Il en va d'abord ainsi du néologisme «lituraterre» qui donne son titre à l'article et se trouve présenté en ces termes peu éclairants — dans les lignes d'introduction:

Ce mot se légitime de l'Ernout et Meillet: lino, litura, liturarius. Il m'est venu, pourtant, de ce jeu du mot dont il arrive qu'on fasse esprit: le contrepet revenant aux lèvres, le renversement à l'oreille.

Ce dictionnaire (qu'on y aille) m'apporte auspice d'être fondé d'un départ que je prenais (partir, ici est répartir) de l'équivoque dont Joyce (James Joyce, dis-je) glisse d'a letter à a litter, d'une lettre (je traduis) à une ordure.
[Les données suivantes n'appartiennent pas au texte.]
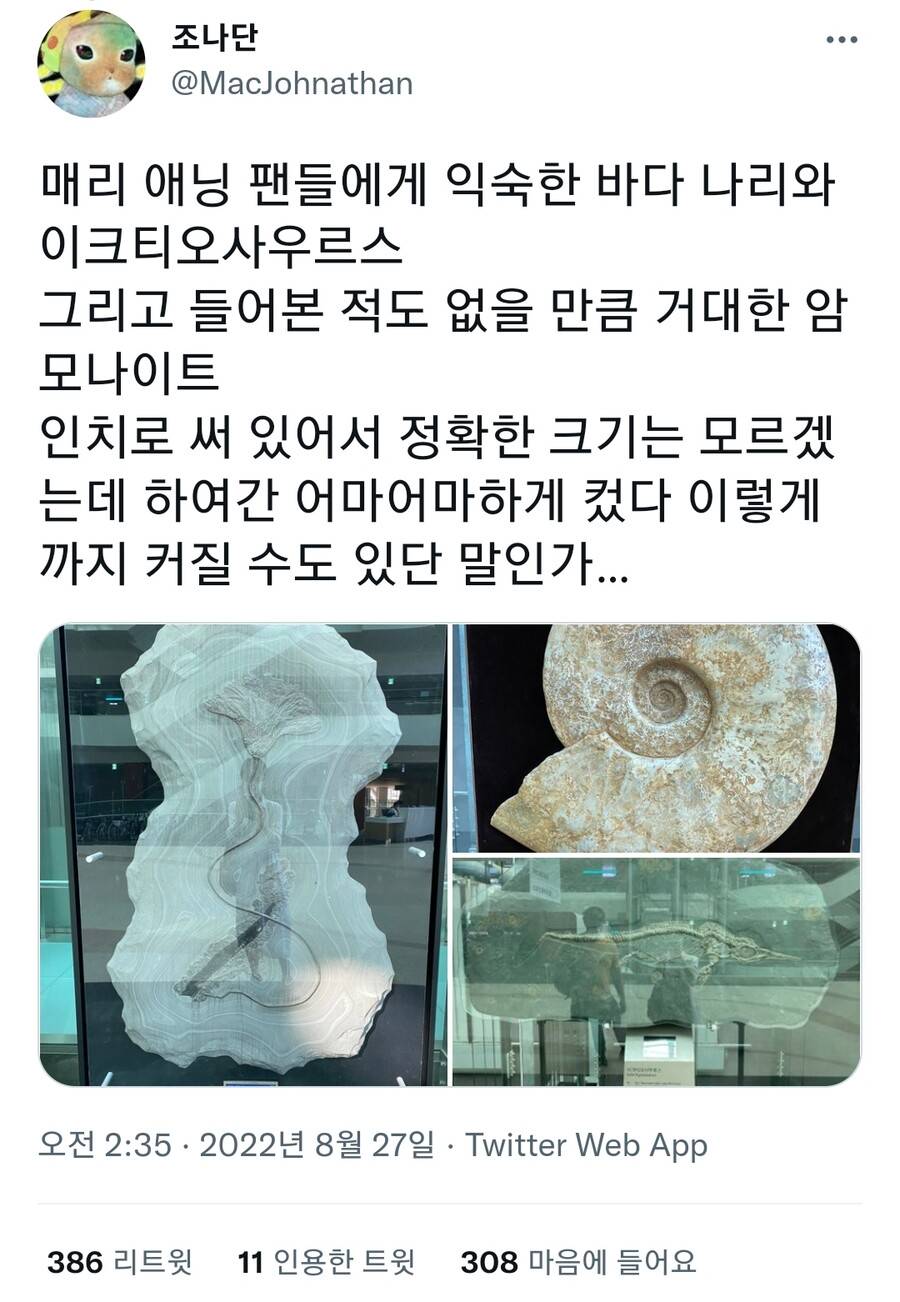 세계적 수준의 공룡화석이 병원에 전시되어있는 이유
Quant à l'autre terme qui pose problème, il s'agit de celui de «lettre», qui désigne, semble-t-il, la notion sur laquelle porte le texte de Lacan, mais dont celui-ci se garde bien de donner, tout au long de ces huit pages, la moindre définition.
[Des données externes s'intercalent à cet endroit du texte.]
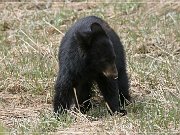 Schwarzbär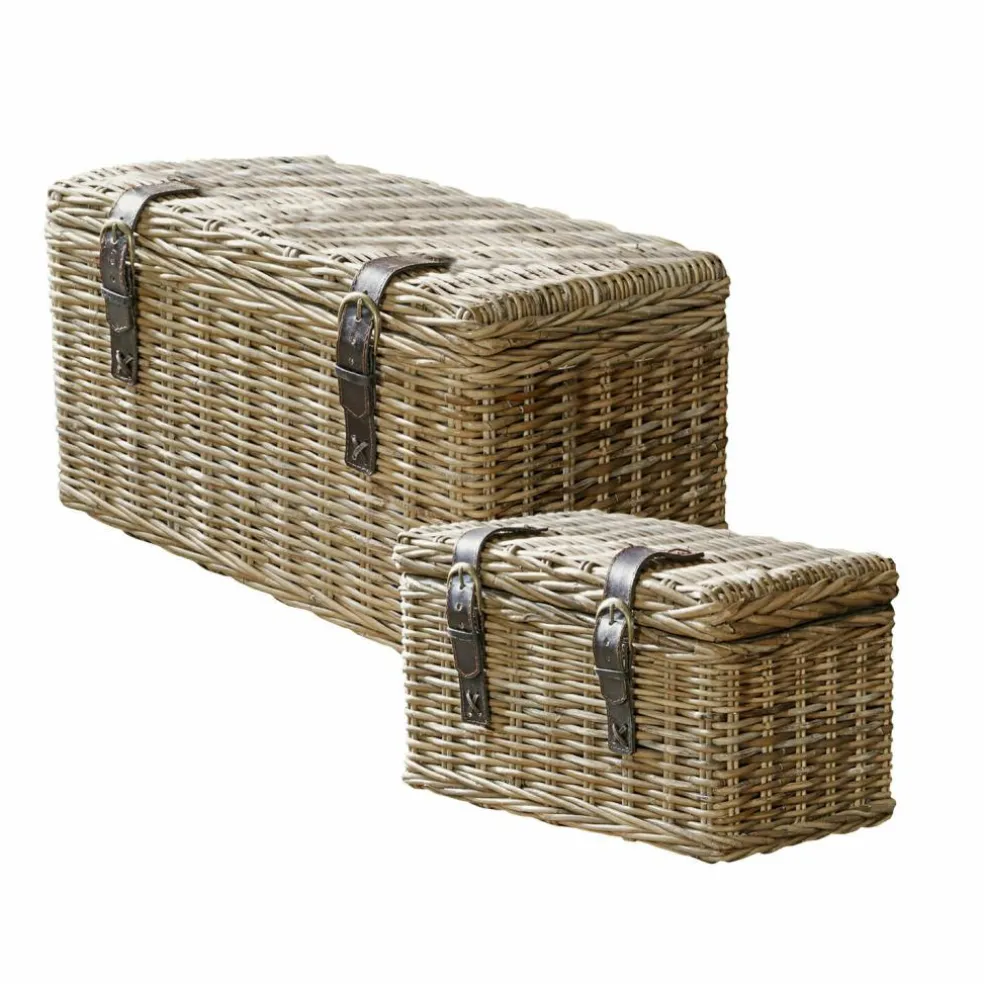 Truhe 2er Set Darill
Ce premier facteur d'obscurité qu'est la non-définition des notions peut aisément être décuplé dans ses effets par le recours à une syntaxe compliquée, dont on ne peut guère dire dans le cas de Lacan qu'elle tende à simplifier la lecture du texte:

Entre centre et absence, entre savoir et jouissance, il y a littoral qui ne vire au littéral qu'à ce que ce virage, vous puissiez le prendre le même à tout instant. C'est de ça seulement que vous pouvez vous tenir pour agent qui le soutienne.

Ce qui se révèle de ma vision du ruissellement, à ce qu'y domine la rature, c'est qu'à se produire d'entre les nuages, elle se conjugue à sa source, que c'est bien aux nuées qu'Aristophane me hèle de trouver ce qu'il en est du signifiant: soit le semblant, par excellence, si c'est de sa rupture qu'en pleut, effet à ce qu'il s'en précipite, ce qui y était matière en suspension.
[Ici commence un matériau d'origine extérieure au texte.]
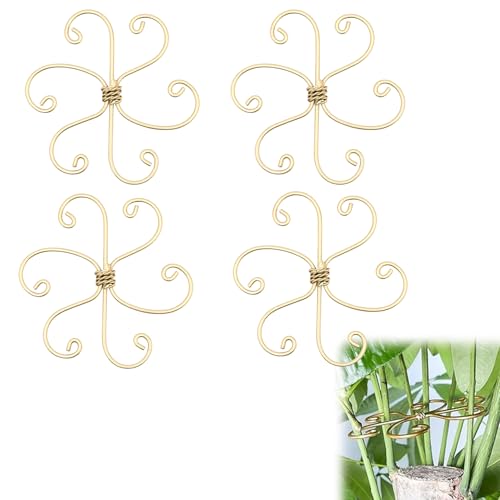 Lot de 4 supports pour plantes grimpantes Monstera et Alocasia, tomates, hortensias (11,5 cm)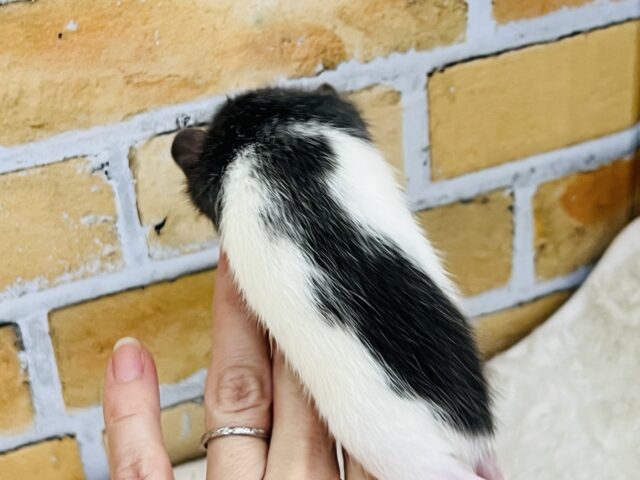 ファンシーラット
Si l'utilisation de termes inconnus et la complexité de la syntaxe ne sont pas inutiles pour demeurer incompris, elles ne sauraient cependant suffire à elles seules à rendre un texte incompréhensible. Outre qu'il est possible de rechercher dans un dictionnaire le sens des mots et de simplifier la syntaxe en supprimant les contorsions inutiles, ces deux premiers moyens ont pour inconvénient de cerner avec précision les lieux d'incompréhension. Or la meilleure manière de susciter celle-ci est de rendre insituable la source de l'obscurité, et donc de brouiller la notion même de lieu.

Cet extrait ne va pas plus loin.